- WORK TASK: Below is a listing to copy exactly; no image goes into the copy.

- EXERCISE DATA:
---

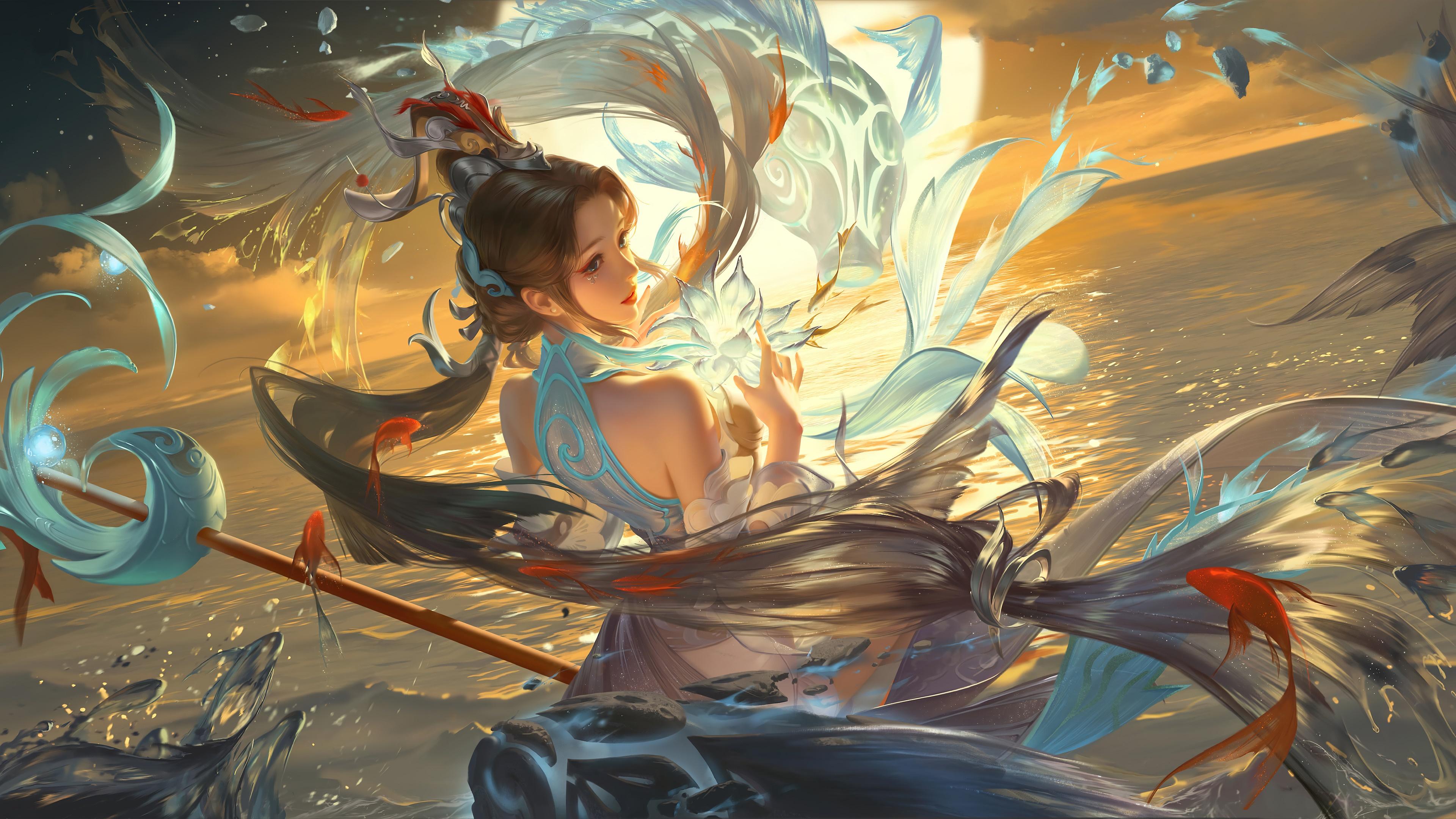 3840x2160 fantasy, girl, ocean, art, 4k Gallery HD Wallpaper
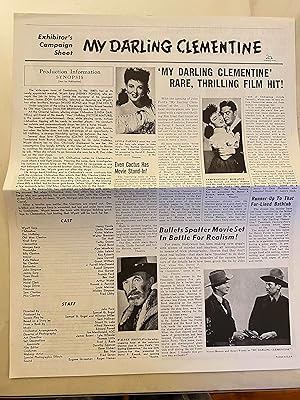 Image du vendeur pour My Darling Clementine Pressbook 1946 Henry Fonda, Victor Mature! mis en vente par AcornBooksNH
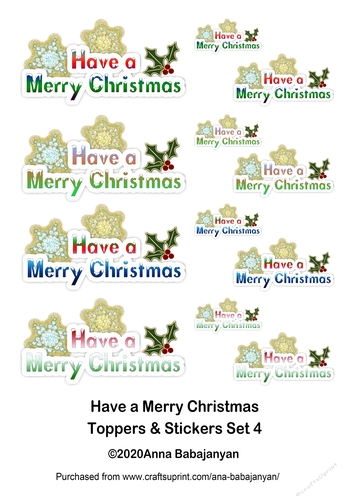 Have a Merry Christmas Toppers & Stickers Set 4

---

- TASK SOLUTION:
 3840x2160 fantasy, girl, ocean, art, 4k Gallery HD Wallpaper
 Image du vendeur pour My Darling Clementine Pressbook 1946 Henry Fonda, Victor Mature! mis en vente par AcornBooksNH
 Have a Merry Christmas Toppers & Stickers Set 4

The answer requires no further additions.